* [SOURCE MATERIAL]:
════════════════════

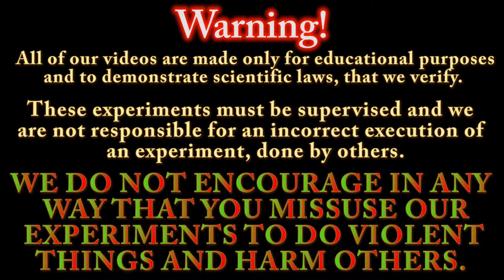Warning: all of our videos are made only for educational purposes and to demonstrate scientific laws that we verify. These experiments must be supervised and we are not responsible for an incorrect execution of an experiment done by others. We do not encourage in any way that you misuse our experiments to do violent things and harm others.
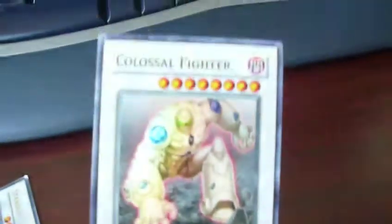The Colossal Fighter isn't as bad, but you can still see there's a bit of white on it. I guess I'll have to talk to them about that.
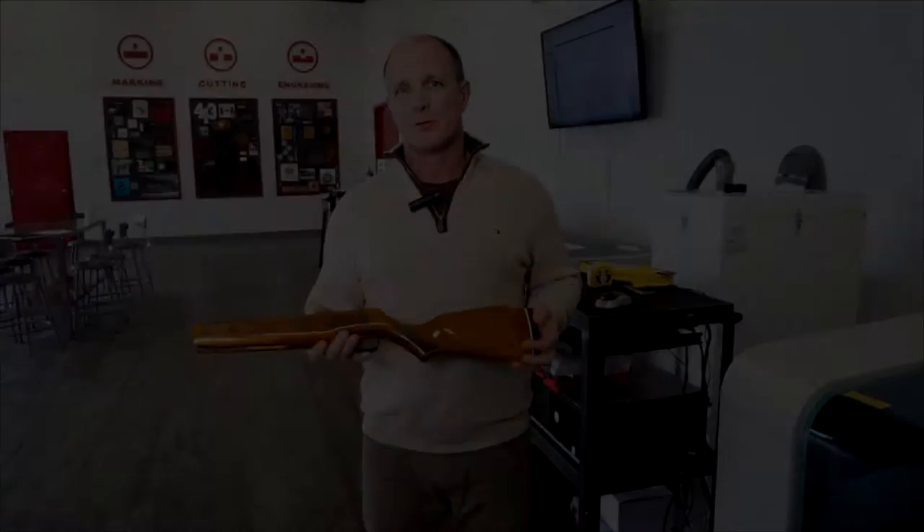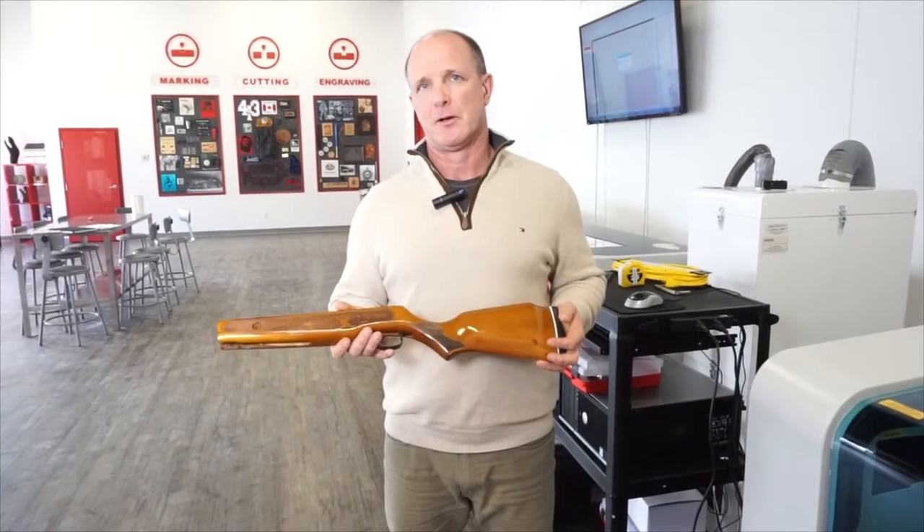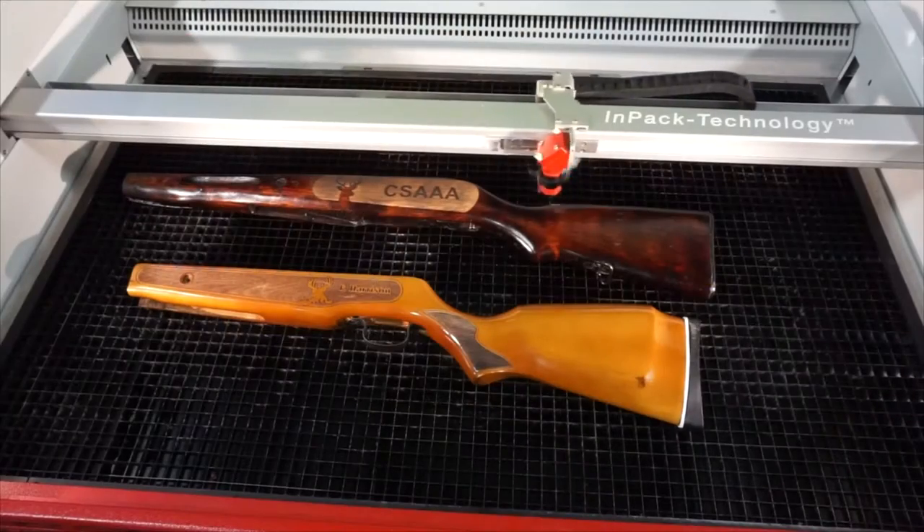Hi, my name is Mike Clark. Today I'm going to show you how to laser checker a gunstock. Traditionally, we would see this done by hand by a gunsmith. The laser makes this job very quick and easy.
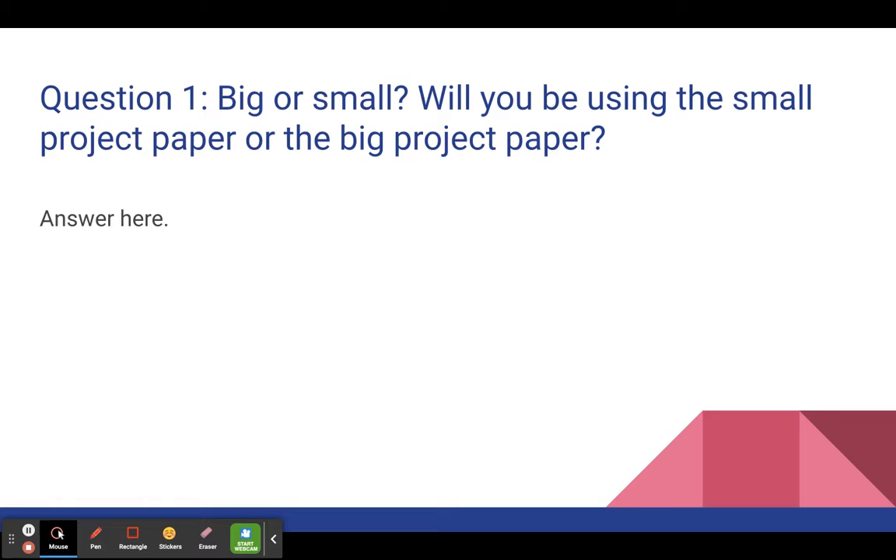You guys have some project paper I gave you — some smaller, about 9 by 12 paper, and then some bigger, probably about 12 by 17 or 18, or 19. So whichever one you want to use, it's up to you. You can work small or big depending on what you want to make and how you want to do it. So just big or small, let me know.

════════════════════

An exact copy of the listing above is to be set down, with no pictures in it.

Warning: all of our videos are made only for educational purposes and to demonstrate scientific laws that we verify. These experiments must be supervised and we are not responsible for an incorrect execution of an experiment done by others. We do not encourage in any way that you misuse our experiments to do violent things and harm others.
The Colossal Fighter isn't as bad, but you can still see there's a bit of white on it. I guess I'll have to talk to them about that.
Hi, my name is Mike Clark. Today I'm going to show you how to laser checker a gunstock. Traditionally, we would see this done by hand by a gunsmith. The laser makes this job very quick and easy.
You guys have some project paper I gave you — some smaller, about 9 by 12 paper, and then some bigger, probably about 12 by 17 or 18, or 19. So whichever one you want to use, it's up to you. You can work small or big depending on what you want to make and how you want to do it. So just big or small, let me know.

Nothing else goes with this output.